Softlogic Holdings Ltd, following the launch this week of its Rs 4.031 billion Initial Public Offering (IPO), will be aggressively pursuing expansions in their finance sector, and has recognized it as a fast growth sector along with retail and leisure, oficials said.
“We are bullish on the finance sector and will expand it ideally through acquisition,” Ashok Pathirage, Chairman Softlogic told the Business Times on the sidelines of the IPO launch set to be the largest IPO to hit the Colombo Stock Exchange so far this year. He added that Softlogic is eyeing to set up or acquire a stockbroking company and that Softlogic Capital will go into insurance, asset management, etc.
He also said that retail sector is slated to be a cash cow for the company in the short to medium term.

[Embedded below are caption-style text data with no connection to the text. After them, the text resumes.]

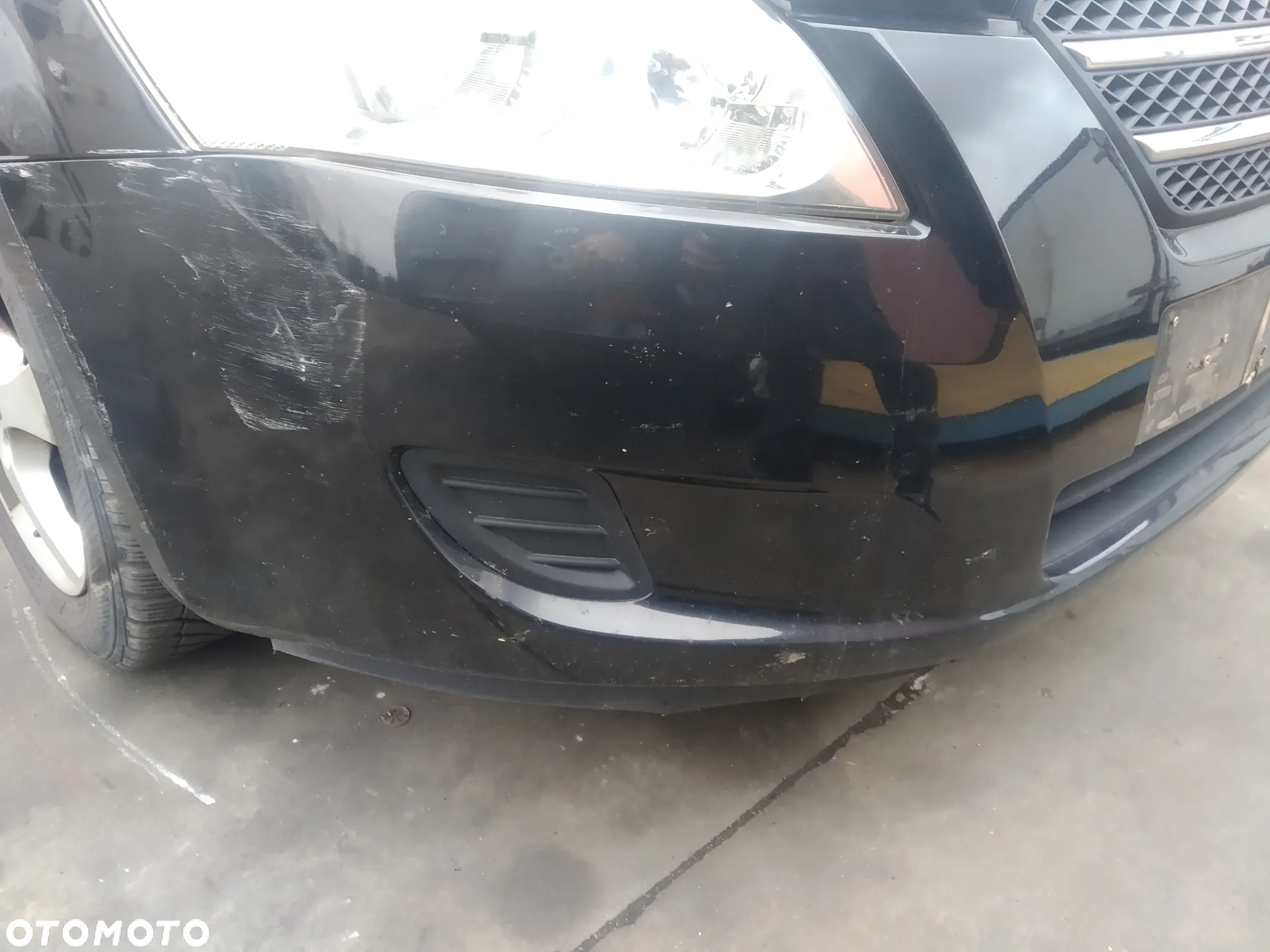 KIA CEED I 1.6 CRDI 06 - 09 - DRZWI PRZÓD TYL LEWE PRAWE UK 1K - 5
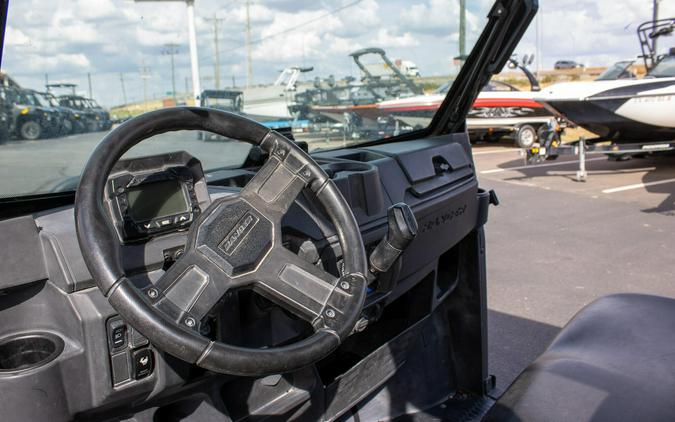 2021 POLARIS RANGER CREW 1000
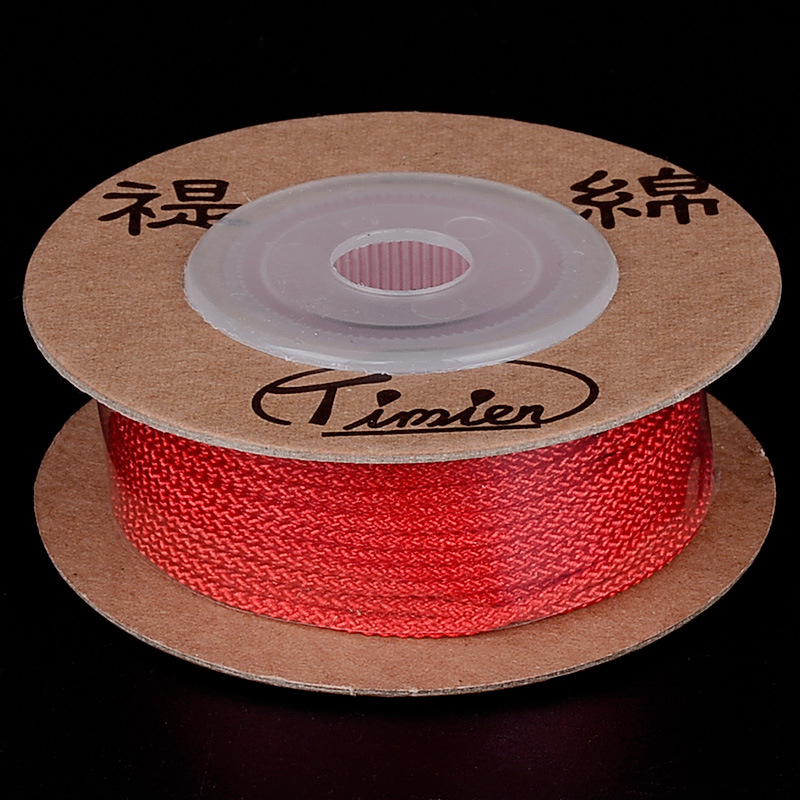 1.5mm,approximately 12m/spool Rojo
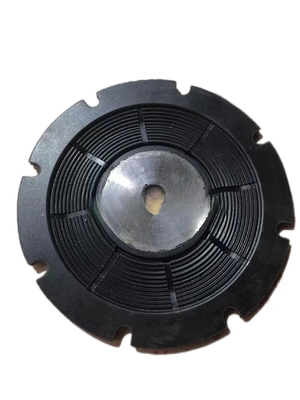 PTFE-Messpumpe Diaphragma-Dichtung für 10 M3/h Differenzstrom 0,5 Bar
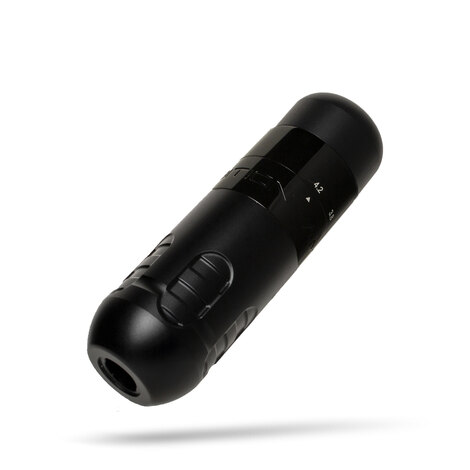 Тату машинка Ambition Paco 3 - Black (2.2мм - 4.2мм)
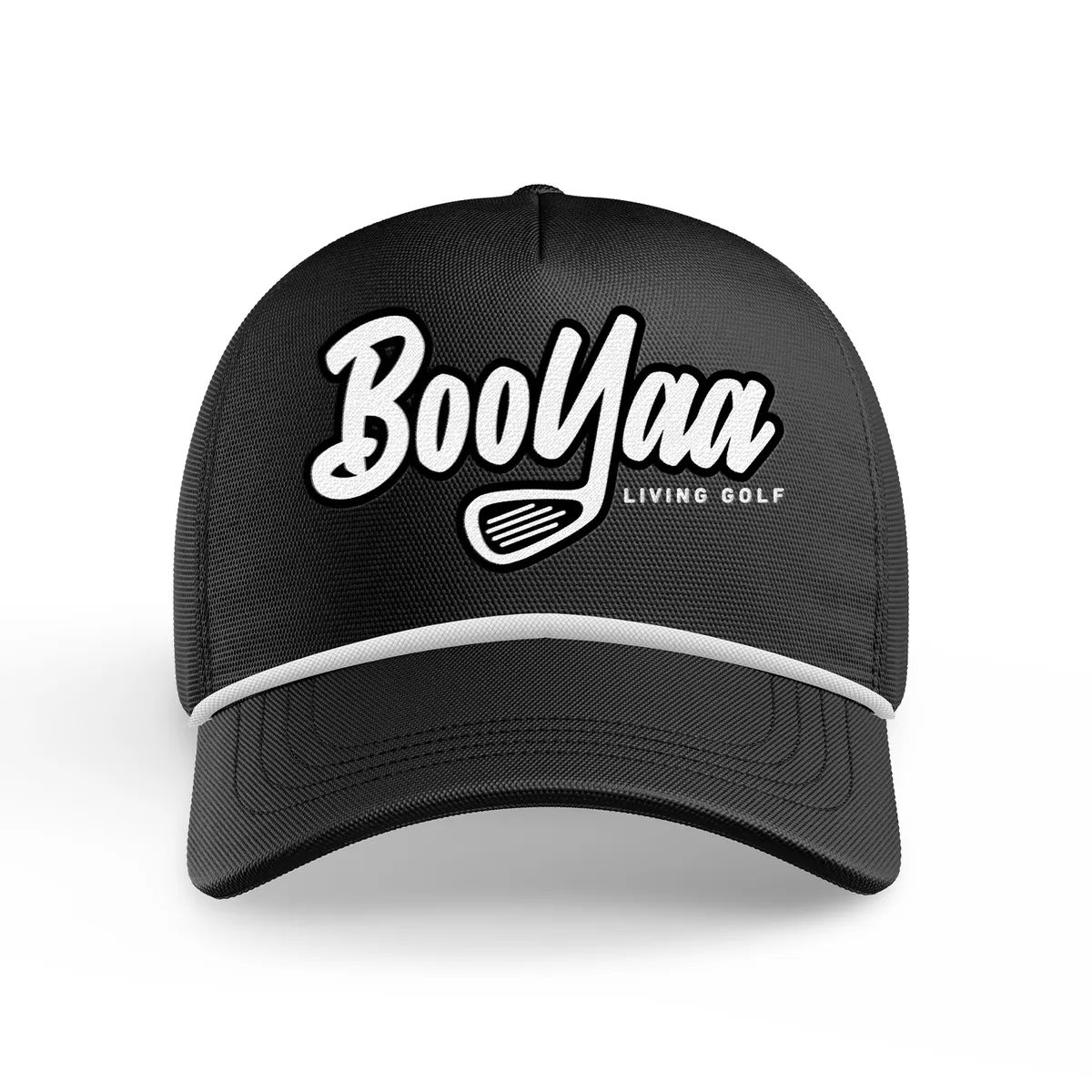 BooYaa Premium Golf Cap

Proceeds of the issue are primarily to reduce debt held by Softlogic Holding and the funds will not be utilized to acquire assets or to finance acquisitions of any other businesses. Analysts present at the launch said that the group will leverage its balance sheet position to fund any future projects it has in store.
They predicted that the retail sector is slated to drive the earnings with strong demand and the group’s aggressive growth strategy. Retail outlets will grow from 75 to 250 by next year and a multi brand- multi channel strategy will lead the expansion drive. “The strong brand strength of the product will aid in healthy margins,” an analyst told the Business Times. He also said that since the country is slated to see major economic development, retail growth will follow as a result.
"It looks bright for the retail segment. Factors such as the expected growth in GDP at 8% for 2011, higher employment, increased company earnings, lower interest rates that would pilot increased borrowing, better disposable income will steer growth in this segment,” he said, adding that this is further supported by the country’s increasing household spending patterns.